Blockchain Chicken Farm

11 min

And Other Stories of Tech in China's Countryside

Introduction

Narrator: Imagine a chicken wearing an ankle bracelet that tracks its every step, its data logged on a blockchain for anyone to see. This isn't a scene from a science fiction novel; it's a real-world experiment in rural China. This image captures the surreal and complex collision of cutting-edge technology with the most traditional aspects of life—a world where AI manages pig farms, e-commerce transforms remote villages, and the very meaning of "Made in China" is being reinvented. What happens when the relentless logic of Silicon Valley meets the ancient rhythms of the countryside?

In the book Blockchain Chicken Farm: And Other Stories of Tech in China's Countryside, author Xiaowei Wang embarks on a journey to answer this question. Wang moves beyond the gleaming skyscrapers of Shanghai and Beijing to uncover the human stories behind China's technological revolution, revealing how the rural landscape is not just a passive recipient of tech, but an active and essential force shaping our global future.

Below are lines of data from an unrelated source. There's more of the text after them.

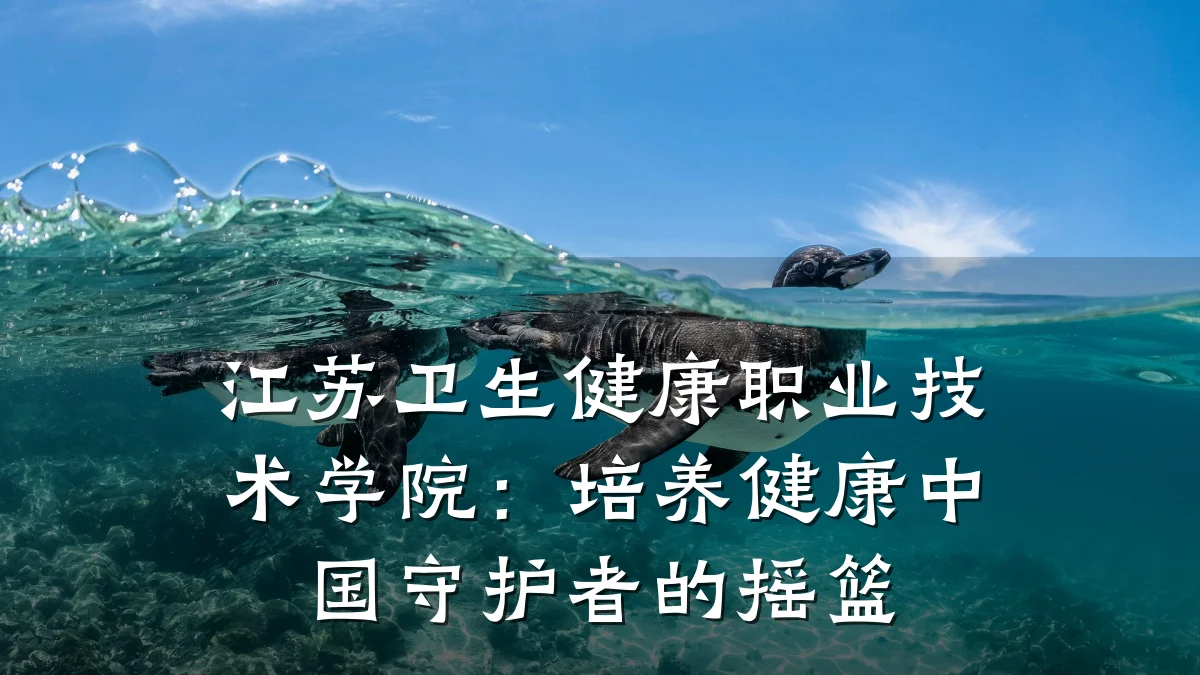 江苏卫生健康职业技术学院:培养健康中国守护者的摇篮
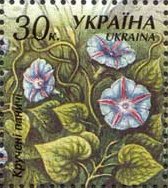Convolvulus arvensis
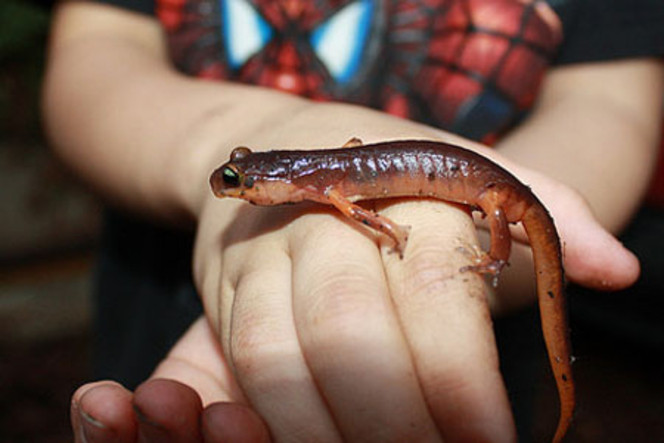 régénération salamandre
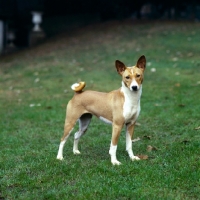 Picture of basenji standing on grass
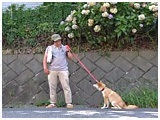  傤̂ ʐ^3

Technology's Urban Bias Blinds Us to Rural Realities

Key Insight 1

Narrator: The book begins by challenging a pervasive, often unconscious, assumption Wang calls "metronormativity"—the belief that urban life is the default, the ideal, and the only true path to progress, while rural life is backward and destined to be left behind. Wang argues this view is not only condescending but dangerously incomplete. The global tech ecosystem, from the rare earth minerals in our phones to the data that trains our AI, is built on the resources and labor extracted from rural areas.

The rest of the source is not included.